Zum ersten Mal reiste mit der 30-jährigen Schwester ein Mitglied der seit drei Generationen in Nordkorea herrschenden Kim-Familie in den Süden der koreanischen Halbinsel. Bundespräsident Frank-Walter Steinmeier fuhr im selben Hochgeschwindigkeitszug mit der hohen Funktionärin von Seoul nach Pyeongchang. Ein Gespräch habe es aber nicht gegeben, hieß es aus deutschen Delegationskreisen.

An dem Empfang für rund 200 ausländische Staats- und Regierungsgäste nahmen außer Steinmeier auch US-Vizepräsident Mike Pence, Japans Ministerpräsident Shinzo Abe und Chinas Sondergesandter Han Zheng teil. Damit waren erstmals die Spitzenvertreter aller Kontrahenten in den anhaltenden Spannungen über Nordkoreas Atomwaffen- und Raketenprogramm in einem Raum.

Der US-Vizepräsident schlug allerdings ein anschließendes Abendessen an einem Tisch mit Nordkoreas Vertreter aus. Beide seien sich bei dem Empfang kurz begegnet, hätten aber offensichtlich vermieden, sich ansehen zu müssen, berichtete die südkoreanische Nachrichtenagentur Yonhap unter Berufung auf Poolberichte. Pence habe den Ort nach fünf Minuten wieder verlassen. Er habe offenbar vermeiden wollen, Kim Yong Nam an dem Tisch mit Südkoreas Gastgeber gegenübersitzen zu müssen.
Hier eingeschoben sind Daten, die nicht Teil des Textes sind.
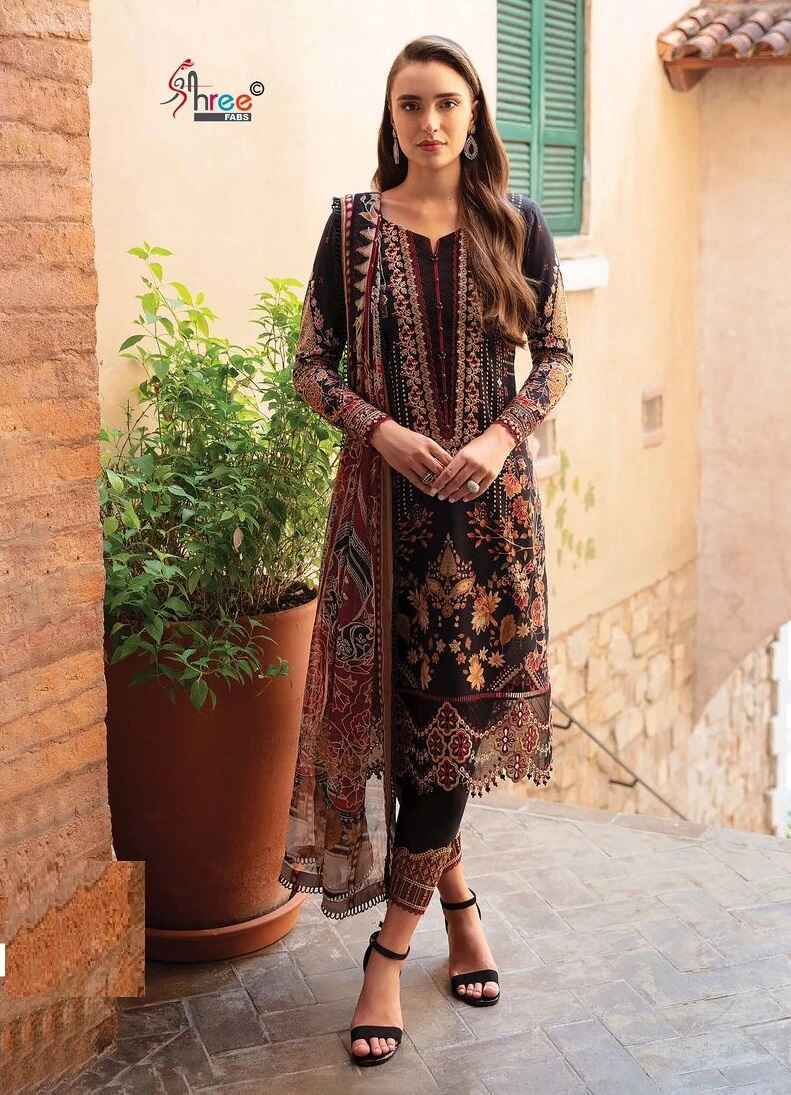 Shree Gulaal Luxury Lawn Vol 1 Nx Pakistani Suit Chiffon Dupatta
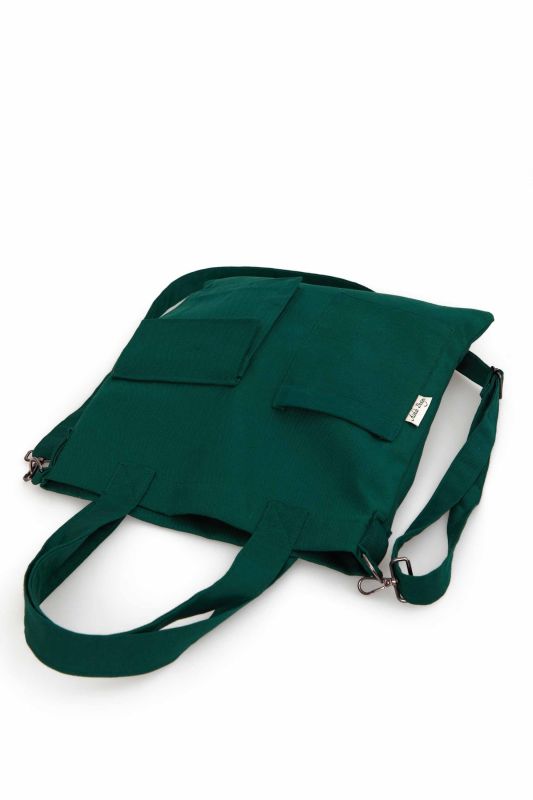 Shoulder Bag with Strap Pocket Detail, CK-20 Green - 7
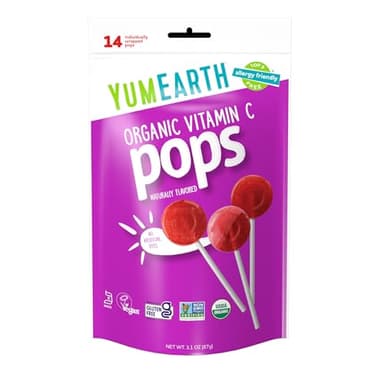 YumEarth Organic Vitamin-C Pops, 14 count, Allergy Friendly, Gluten Free, Non-GMO, Vegan, No Artificial Flavors or Dyes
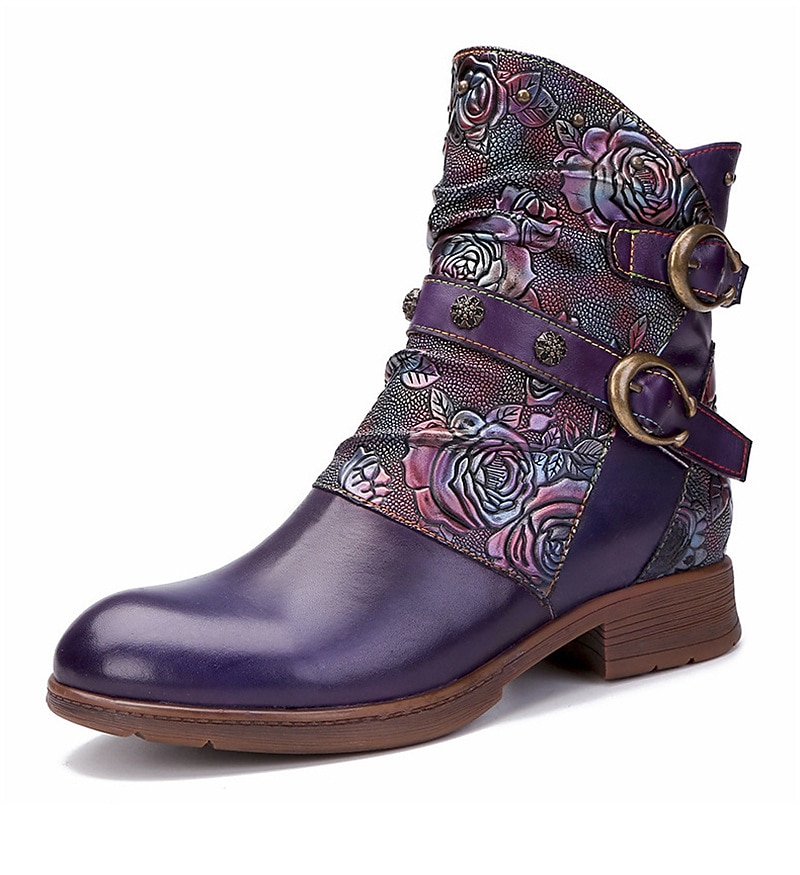 Vintage leren enkellaarsjes met bloemenreliëf voor dames – stijlvol bordeauxrood gespbandontwerp voor casual herfst- en winterkleding 2026 - $99.99 –P6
Obwohl die Teilnahme von Pence laut Yonhap fest eingeplant war, sagte der südkoreanische Präsidentensprecher, der US-Vizepräsident habe ein separates Dinner mit US-Sportlern vorgehabt. Dass er so früh gegangen sei, bedeute nicht, dass er das Essen boykottieren wollte.
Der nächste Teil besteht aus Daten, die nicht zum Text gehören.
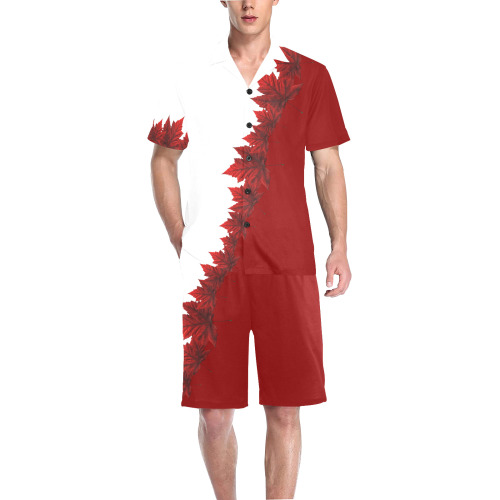 Canada Maple Leaf Pajama Set Men's V-Neck Short Pajama Set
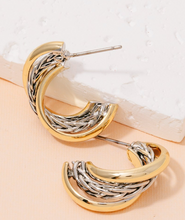 Load image into Gallery viewer, Two Tone Layered Hoop Earrings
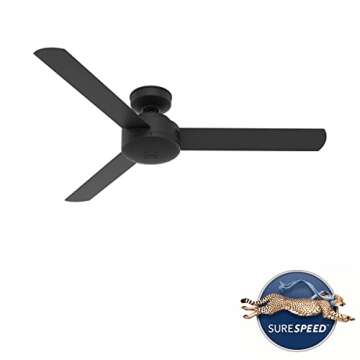 Hunter Black Ceiling Fan, Modern Presto Ceiling Fans with Wall Control, 52 Inch, Matte Black Finish, Sleek Design, Ceiling Fan No Light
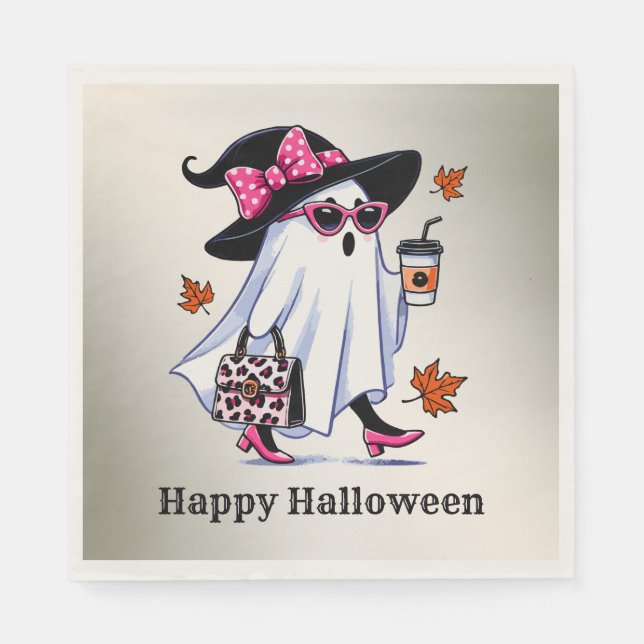 Halloween Niedlicher, stylischer Hexengastcoffee C Serviette (Vorderseite)
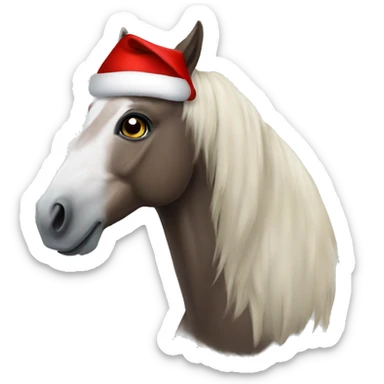 Horse with santa hat sticker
In einer Rede bei dem Empfang äußerte Südkoreas Präsident die Hoffnung, dass die Annäherung der beiden Koreas zu Dialog und Frieden führen wird. Mit Blick auf Nordkoreas Vertreter sagte Moon: „Einige von uns hätten nicht die Chance gehabt, im gleichen Raum zusammen zu sein, wenn es nicht wegen der Olympischen Winterspiele in Pyeongchang wäre.“ Er fügte hinzu: „Am wichtigsten ist es, dass wir hier zusammen sind.“ Das allein sei schon der Start „unseres ersten Schrittes“ in Richtung weltweiten Friedens.
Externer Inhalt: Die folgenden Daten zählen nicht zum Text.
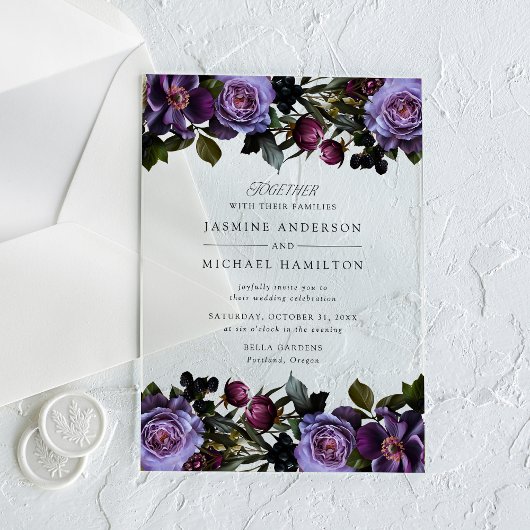 Invitations En Acrylique Moody Gothic Floral Mariage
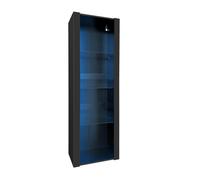 Meuble Vitrine Haut avec 3 Étagères en Verre et LED, Design Moderne, Panneaux de Particules Brillants - Noir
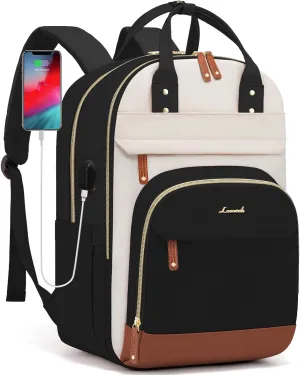 LOVEVOOK Laptop Backpack Women,Large Capacity 15.6 inch Laptop Bag Travel Backpack for Women,Computer Work College Teacher Backpacks with USB Port,Waterproof Personal Item Backpack Casual Daypack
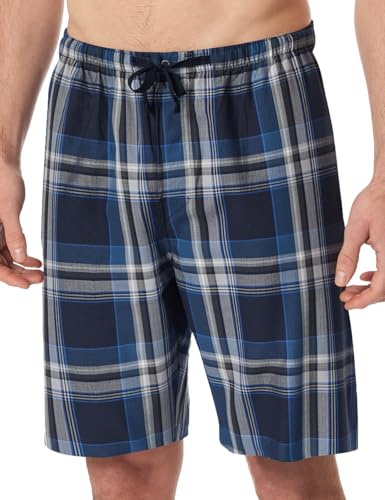 Schiesser Herren Schlafhose Kurz Bermuda Web - Mix + Relax - Organic Cotton Pyjamaunterteil (1er Pack)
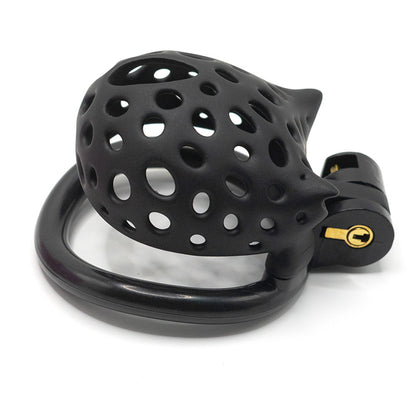 Cat-Shaped Resin Chastity Cage – Lightweight (75g), Breathable, 4 Ring Sizes, Pink or Black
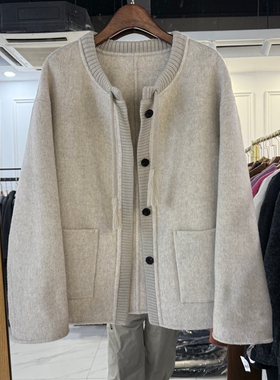 HANDMADE双面羊绒大衣2025年秋冬新款飘带领口绵羊毛外套单排扣潮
Im Zuge seiner überraschenden Annäherungspolitik gegenüber Südkorea hatte Kim Jong Un seine Schwester zu der Eröffnungsfeier in das Nachbarland entsandt. Bei der Begrüßung durch Vereinigungsminister Cho Myoung Gyon am Flughafen lächelte die 30-Jährige an der Seite des 90-jährigen Kim Yong Nam. Südkoreas Präsident will am Samstag bei einem Mittagessen mit der mächtigen Funktionärin und dem Parlamentschef zu einem längeren Gespräch zusammentreffen.

Der Besuch gilt als Zeichen dafür, dass Kim Jong Un die seit Anfang des Jahres betriebene Annäherung fortsetzen will. Nordkorea hat zu den Spielen auch eigene Athleten geschickt. Als Zeichen der Verbundenheit des geteilten Landes treten die Eishockeyspielerinnen aus dem Süden sogar in einer gemeinsamen Mannschaft mit ihren nordkoreanischen Kolleginnen an.

Südkoreanische Medien spekulierten, dass Kim Jong Un auch eine Botschaft an den südkoreanischen Präsidenten übermitteln wolle. Der US-Nachrichtensender CNN berichtete unter Berufung auf diplomatische Quellen, Kim könnte womöglich den südkoreanischen Staatschef nach Pjöngjang einladen. Moon Jae In hatte erklärt, die Olympia-Zusammenarbeit nutzen zu wollen, um eine dauerhafte Entspannung auf der koreanischen Halbinsel zu erreichen.

Steinmeier rief am Freitag in Seoul dazu auf, die Hoffnung auf eine friedliche Lösung des Konflikts um Nordkoreas Atomprogramm nicht aufzugeben. „Haben Sie den Mut, sich diese Hoffnung zu bewahren.“ Steinmeier betonte, der Auftritt einer gemeinsamen Mannschaft mit Sportlern aus Nord- und Südkorea bei den Spielen dürfe nicht überschätzt werden. Noch sei nicht zu erkennen, ob dahinter der Wunsch des Regimes nach einem echten Dialog stehe.